What this task involves:
Your task is to count the lines of the entries below that include the word "Cotton" and to give only the resulting number.

***

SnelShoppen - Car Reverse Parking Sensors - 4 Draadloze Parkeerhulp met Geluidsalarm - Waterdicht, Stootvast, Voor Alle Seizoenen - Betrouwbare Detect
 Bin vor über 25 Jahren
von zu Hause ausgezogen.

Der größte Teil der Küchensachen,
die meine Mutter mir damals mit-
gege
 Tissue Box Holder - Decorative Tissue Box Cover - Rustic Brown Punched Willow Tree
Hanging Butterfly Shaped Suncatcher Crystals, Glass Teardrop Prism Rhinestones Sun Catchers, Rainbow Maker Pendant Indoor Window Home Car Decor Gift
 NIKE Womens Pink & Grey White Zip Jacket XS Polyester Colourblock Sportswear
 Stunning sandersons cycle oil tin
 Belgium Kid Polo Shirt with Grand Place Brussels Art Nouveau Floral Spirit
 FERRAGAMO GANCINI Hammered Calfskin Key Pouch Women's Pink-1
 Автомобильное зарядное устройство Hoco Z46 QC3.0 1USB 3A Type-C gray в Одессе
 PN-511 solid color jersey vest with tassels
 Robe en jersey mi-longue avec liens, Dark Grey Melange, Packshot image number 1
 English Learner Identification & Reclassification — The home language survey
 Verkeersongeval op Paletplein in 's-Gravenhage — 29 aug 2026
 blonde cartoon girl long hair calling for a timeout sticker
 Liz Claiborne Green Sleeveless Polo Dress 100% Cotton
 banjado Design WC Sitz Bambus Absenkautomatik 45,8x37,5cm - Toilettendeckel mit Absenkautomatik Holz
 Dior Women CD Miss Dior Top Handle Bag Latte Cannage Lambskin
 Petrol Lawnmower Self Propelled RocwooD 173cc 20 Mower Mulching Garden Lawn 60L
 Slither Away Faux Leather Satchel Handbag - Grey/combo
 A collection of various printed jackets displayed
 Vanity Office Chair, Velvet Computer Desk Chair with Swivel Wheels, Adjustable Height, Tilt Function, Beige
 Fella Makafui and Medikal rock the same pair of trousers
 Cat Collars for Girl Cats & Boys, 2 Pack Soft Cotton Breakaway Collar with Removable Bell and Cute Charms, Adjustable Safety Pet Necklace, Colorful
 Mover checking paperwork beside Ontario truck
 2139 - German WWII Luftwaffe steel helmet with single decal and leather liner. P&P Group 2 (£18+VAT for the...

***

Answer area:
2